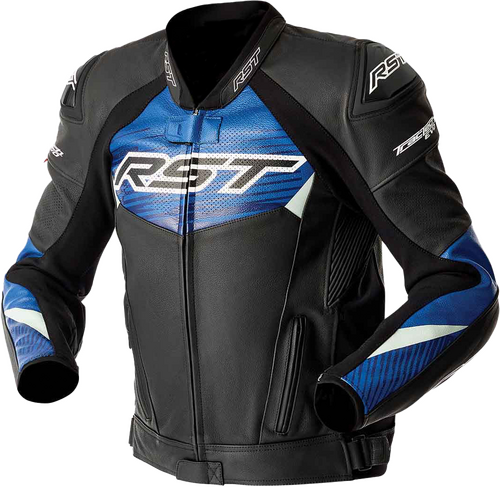 RST TRACTECH EVO 5 D3O JACKET BLK/BLUE LEATHER 3X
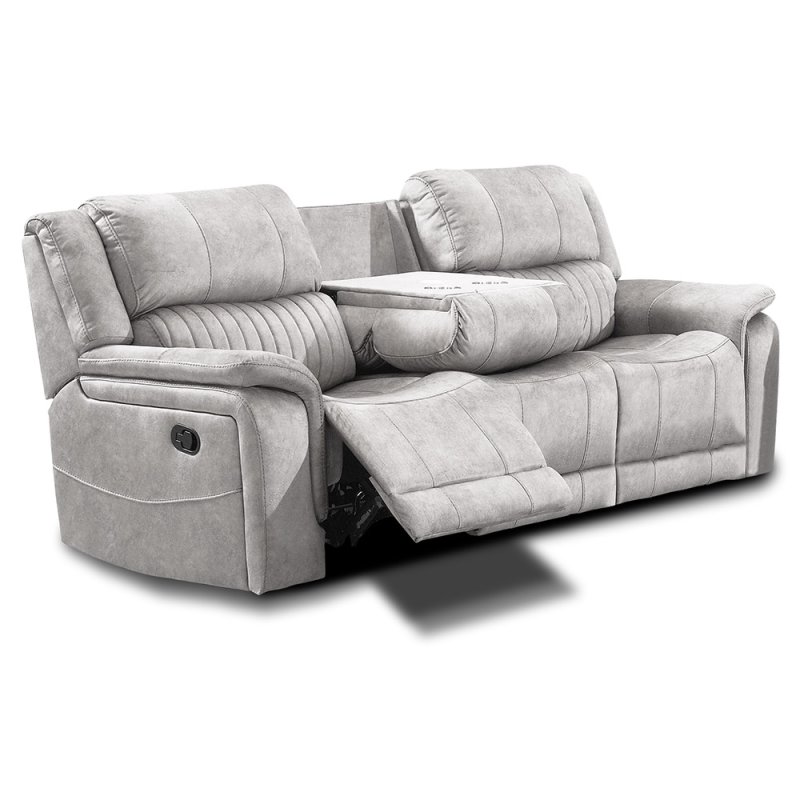 Albrun 3 Seater Electric Reclining Sofa With Dropdown Tray Faux Suede Light Grey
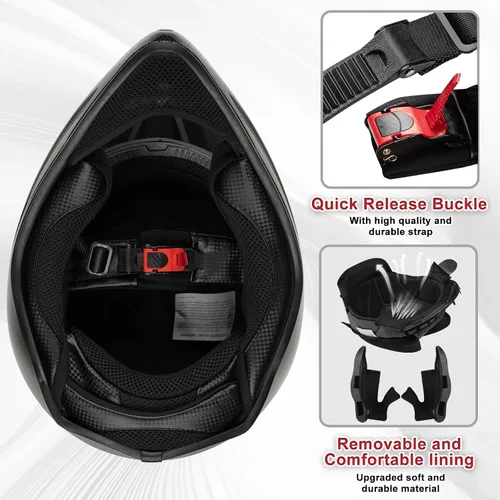 Vista 5 de Favoto Cascos de Dirt Bike para Adultos - Casco Ligero para Motocross/ATV/UTV Aprobado por DOT para Hombres y Mujeres, con Visera Extraíble
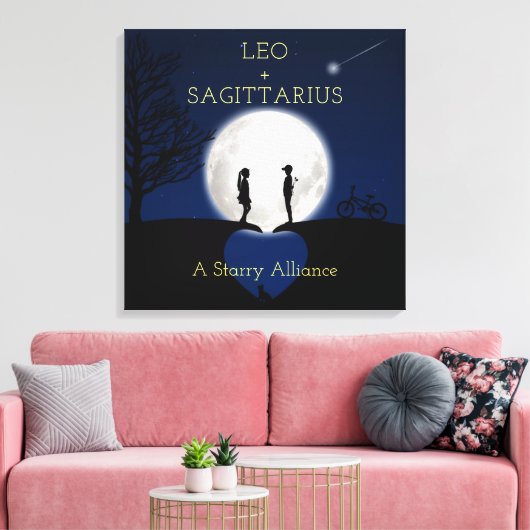 Sagittarius en Leo Zodiac Star Sign Moon Canvas Afdruk (Insitu (Woonkamer))
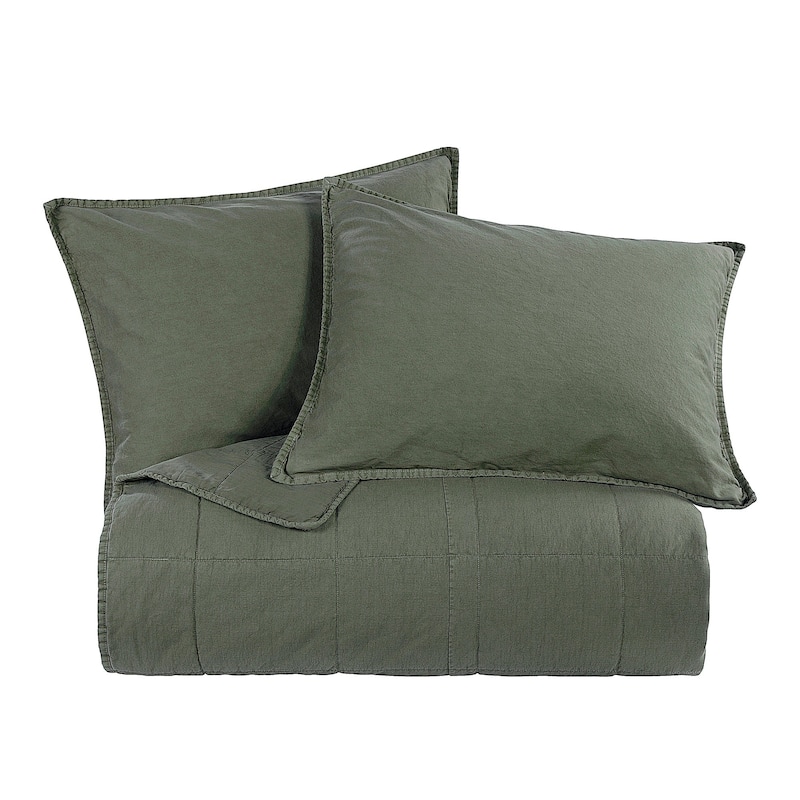 HiEnd Accents Stonewashed Cotton Canvas Quilted Vintage Chic 3 Piece Coverlet Set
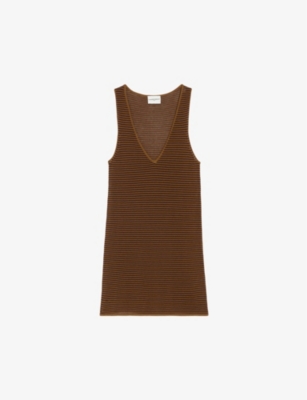 Shop Claudie Pierlot Women's Bruns Stripe-weave Scoop-neck Knitted Vest Top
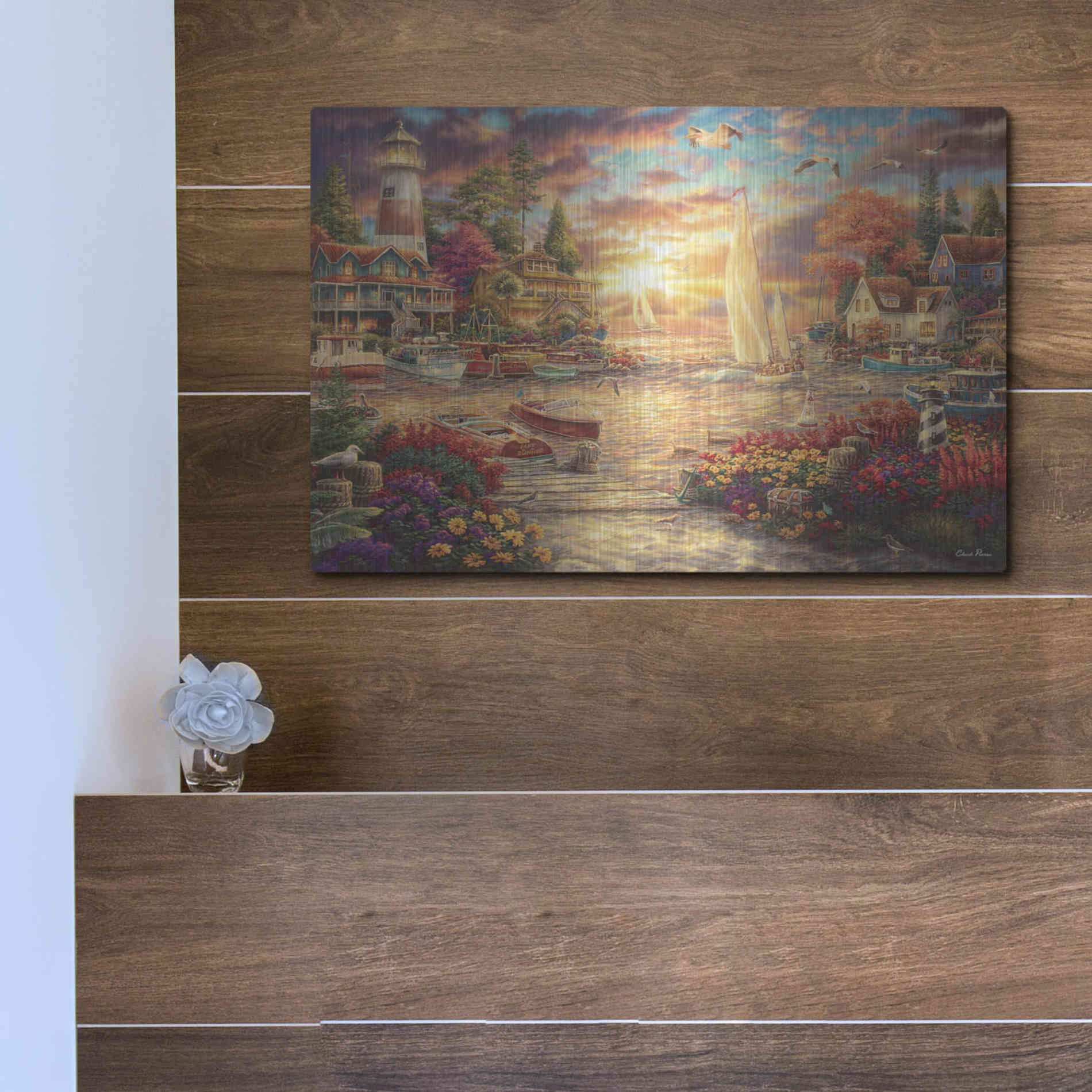 Luxe Metal Art 'Into the Sunset' by Chuck Pinson, Metal Wall Art,16x12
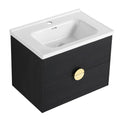 28 Inch Wall Mounted Bathroom Vanity With Sink, For Small Bathroom Kd Packing 2 Black Chestnut Bathroom Wall Mounted Modern Plywood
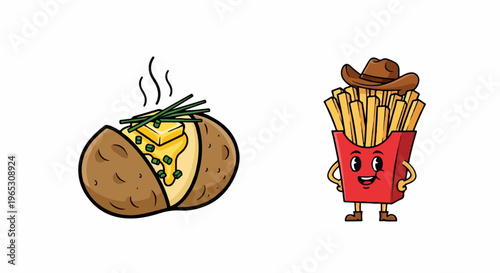 A cartoon baked potato with butter and chives sits next to a carton of french fries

* **Exercise details**: From the listing above, please give again the lines that begin with the line holding "HiEnd Accents Stonewashed" and go on through the line holding "Luxe Metal Art", exactly, both ends included, minus any picture.

* **Solution for this task**:
 HiEnd Accents Stonewashed Cotton Canvas Quilted Vintage Chic 3 Piece Coverlet Set
 Shop Claudie Pierlot Women's Bruns Stripe-weave Scoop-neck Knitted Vest Top
 Luxe Metal Art 'Into the Sunset' by Chuck Pinson, Metal Wall Art,16x12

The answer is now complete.